Your instructions:
Word for word, retype the first line of the records and every following line through the one containing "Best Brothers Dance".

Crawled caption data
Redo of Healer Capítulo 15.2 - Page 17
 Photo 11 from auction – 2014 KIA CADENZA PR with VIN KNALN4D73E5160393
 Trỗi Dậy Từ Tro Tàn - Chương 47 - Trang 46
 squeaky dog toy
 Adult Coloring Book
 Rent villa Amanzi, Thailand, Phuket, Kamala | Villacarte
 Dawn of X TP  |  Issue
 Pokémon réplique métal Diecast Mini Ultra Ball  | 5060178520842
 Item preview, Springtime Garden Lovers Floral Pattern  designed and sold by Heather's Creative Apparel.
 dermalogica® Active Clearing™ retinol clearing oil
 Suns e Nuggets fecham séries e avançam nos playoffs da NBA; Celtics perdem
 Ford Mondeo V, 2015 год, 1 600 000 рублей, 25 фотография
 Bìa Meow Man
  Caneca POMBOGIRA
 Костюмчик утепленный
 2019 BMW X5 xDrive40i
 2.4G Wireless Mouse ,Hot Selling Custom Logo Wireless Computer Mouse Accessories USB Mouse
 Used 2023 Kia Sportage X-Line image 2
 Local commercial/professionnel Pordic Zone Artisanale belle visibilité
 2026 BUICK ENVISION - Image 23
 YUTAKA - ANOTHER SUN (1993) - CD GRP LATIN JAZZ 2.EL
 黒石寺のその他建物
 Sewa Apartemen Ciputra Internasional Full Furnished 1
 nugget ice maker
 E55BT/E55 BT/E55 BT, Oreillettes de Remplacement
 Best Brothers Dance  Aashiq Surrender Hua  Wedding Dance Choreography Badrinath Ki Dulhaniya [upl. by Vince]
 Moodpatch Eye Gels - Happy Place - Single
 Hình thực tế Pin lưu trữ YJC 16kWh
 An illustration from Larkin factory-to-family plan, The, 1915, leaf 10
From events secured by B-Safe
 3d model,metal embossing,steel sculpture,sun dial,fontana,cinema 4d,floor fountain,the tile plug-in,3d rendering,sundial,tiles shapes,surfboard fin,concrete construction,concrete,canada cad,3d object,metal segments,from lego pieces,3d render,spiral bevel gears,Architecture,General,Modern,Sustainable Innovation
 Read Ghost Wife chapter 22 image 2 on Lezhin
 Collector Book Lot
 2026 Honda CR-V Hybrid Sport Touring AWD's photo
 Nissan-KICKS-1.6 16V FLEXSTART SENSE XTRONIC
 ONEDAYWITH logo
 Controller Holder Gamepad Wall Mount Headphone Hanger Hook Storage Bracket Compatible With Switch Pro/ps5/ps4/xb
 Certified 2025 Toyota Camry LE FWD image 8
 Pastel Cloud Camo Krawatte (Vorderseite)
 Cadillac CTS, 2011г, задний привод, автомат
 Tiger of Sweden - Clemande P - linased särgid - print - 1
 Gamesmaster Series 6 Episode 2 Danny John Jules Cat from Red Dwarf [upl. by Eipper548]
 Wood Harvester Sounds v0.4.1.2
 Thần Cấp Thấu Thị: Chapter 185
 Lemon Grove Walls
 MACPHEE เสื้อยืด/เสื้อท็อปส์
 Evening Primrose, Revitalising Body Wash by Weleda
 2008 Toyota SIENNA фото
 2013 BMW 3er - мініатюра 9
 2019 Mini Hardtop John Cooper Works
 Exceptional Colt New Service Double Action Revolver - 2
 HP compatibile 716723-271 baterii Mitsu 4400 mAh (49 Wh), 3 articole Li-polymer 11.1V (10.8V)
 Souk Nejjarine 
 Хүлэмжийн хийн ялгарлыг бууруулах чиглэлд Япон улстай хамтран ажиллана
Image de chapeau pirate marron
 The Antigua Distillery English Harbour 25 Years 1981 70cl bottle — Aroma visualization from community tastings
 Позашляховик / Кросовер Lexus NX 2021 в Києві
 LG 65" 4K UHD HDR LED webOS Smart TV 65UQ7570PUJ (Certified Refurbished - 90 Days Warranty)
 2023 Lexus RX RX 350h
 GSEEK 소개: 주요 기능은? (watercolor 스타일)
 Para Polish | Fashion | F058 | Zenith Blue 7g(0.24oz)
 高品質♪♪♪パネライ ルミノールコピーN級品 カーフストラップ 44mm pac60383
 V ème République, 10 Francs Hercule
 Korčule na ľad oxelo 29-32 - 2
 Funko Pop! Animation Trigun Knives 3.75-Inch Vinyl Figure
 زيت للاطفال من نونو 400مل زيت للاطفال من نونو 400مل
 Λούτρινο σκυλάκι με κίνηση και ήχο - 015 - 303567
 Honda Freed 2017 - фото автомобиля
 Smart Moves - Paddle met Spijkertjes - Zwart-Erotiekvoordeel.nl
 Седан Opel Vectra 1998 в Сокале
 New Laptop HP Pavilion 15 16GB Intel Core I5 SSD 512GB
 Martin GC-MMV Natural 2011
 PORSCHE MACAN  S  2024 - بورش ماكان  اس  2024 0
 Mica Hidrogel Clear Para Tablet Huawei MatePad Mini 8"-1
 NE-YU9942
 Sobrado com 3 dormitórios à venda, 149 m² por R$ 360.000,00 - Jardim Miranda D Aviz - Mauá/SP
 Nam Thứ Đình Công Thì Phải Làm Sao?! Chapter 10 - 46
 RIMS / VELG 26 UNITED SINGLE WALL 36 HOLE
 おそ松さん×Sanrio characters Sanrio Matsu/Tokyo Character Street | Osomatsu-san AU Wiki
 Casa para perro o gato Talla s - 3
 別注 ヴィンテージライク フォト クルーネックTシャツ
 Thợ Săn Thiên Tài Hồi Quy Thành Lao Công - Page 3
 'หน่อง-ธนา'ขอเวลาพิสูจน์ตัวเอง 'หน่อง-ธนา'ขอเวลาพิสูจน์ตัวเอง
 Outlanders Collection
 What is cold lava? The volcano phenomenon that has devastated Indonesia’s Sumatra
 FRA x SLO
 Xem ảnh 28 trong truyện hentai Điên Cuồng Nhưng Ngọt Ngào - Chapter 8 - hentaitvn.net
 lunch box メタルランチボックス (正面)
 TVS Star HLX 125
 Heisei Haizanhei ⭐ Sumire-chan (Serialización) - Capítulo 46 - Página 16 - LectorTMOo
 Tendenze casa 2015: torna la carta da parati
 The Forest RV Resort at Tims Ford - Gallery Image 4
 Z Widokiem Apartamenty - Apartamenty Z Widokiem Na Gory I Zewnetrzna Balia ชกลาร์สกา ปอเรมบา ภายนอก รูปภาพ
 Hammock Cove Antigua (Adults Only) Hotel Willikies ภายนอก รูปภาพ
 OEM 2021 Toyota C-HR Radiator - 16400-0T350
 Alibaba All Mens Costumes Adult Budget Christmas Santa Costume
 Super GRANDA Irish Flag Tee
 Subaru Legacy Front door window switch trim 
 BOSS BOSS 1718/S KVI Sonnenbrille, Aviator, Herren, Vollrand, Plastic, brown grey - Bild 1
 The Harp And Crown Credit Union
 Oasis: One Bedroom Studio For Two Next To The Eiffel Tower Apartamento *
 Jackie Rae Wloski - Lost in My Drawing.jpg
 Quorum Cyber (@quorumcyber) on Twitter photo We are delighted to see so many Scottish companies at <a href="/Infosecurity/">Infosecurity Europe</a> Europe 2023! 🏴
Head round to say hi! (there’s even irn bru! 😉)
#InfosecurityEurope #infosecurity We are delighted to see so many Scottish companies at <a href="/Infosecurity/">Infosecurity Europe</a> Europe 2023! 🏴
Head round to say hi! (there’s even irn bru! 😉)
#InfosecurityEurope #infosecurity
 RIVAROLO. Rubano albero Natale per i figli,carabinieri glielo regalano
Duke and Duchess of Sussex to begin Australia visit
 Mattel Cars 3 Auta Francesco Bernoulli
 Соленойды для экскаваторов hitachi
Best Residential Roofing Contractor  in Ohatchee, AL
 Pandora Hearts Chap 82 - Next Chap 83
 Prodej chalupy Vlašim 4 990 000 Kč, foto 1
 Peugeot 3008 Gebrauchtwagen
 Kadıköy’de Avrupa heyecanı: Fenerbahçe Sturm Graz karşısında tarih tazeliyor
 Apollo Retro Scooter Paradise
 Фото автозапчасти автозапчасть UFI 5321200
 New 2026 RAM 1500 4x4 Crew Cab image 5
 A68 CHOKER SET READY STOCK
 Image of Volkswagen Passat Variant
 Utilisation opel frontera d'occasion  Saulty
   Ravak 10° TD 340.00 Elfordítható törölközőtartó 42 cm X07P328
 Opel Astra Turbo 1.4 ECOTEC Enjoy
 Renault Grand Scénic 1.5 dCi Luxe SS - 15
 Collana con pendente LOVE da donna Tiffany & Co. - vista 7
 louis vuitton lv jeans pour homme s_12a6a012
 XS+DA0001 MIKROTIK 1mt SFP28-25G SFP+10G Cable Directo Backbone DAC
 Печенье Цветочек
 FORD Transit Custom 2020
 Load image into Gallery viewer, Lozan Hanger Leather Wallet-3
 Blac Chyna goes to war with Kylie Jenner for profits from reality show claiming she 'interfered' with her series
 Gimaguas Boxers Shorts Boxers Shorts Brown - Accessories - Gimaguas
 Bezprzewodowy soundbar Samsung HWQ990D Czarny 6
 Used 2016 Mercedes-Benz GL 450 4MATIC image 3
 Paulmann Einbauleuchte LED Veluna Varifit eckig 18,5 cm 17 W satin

Solution to this task:
Redo of Healer Capítulo 15.2 - Page 17
 Photo 11 from auction – 2014 KIA CADENZA PR with VIN KNALN4D73E5160393
 Trỗi Dậy Từ Tro Tàn - Chương 47 - Trang 46
 squeaky dog toy
 Adult Coloring Book
 Rent villa Amanzi, Thailand, Phuket, Kamala | Villacarte
 Dawn of X TP  |  Issue
 Pokémon réplique métal Diecast Mini Ultra Ball  | 5060178520842
 Item preview, Springtime Garden Lovers Floral Pattern  designed and sold by Heather's Creative Apparel.
 dermalogica® Active Clearing™ retinol clearing oil
 Suns e Nuggets fecham séries e avançam nos playoffs da NBA; Celtics perdem
 Ford Mondeo V, 2015 год, 1 600 000 рублей, 25 фотография
 Bìa Meow Man
  Caneca POMBOGIRA
 Костюмчик утепленный
 2019 BMW X5 xDrive40i
 2.4G Wireless Mouse ,Hot Selling Custom Logo Wireless Computer Mouse Accessories USB Mouse
 Used 2023 Kia Sportage X-Line image 2
 Local commercial/professionnel Pordic Zone Artisanale belle visibilité
 2026 BUICK ENVISION - Image 23
 YUTAKA - ANOTHER SUN (1993) - CD GRP LATIN JAZZ 2.EL
 黒石寺のその他建物
 Sewa Apartemen Ciputra Internasional Full Furnished 1
 nugget ice maker
 E55BT/E55 BT/E55 BT, Oreillettes de Remplacement
 Best Brothers Dance  Aashiq Surrender Hua  Wedding Dance Choreography Badrinath Ki Dulhaniya [upl. by Vince]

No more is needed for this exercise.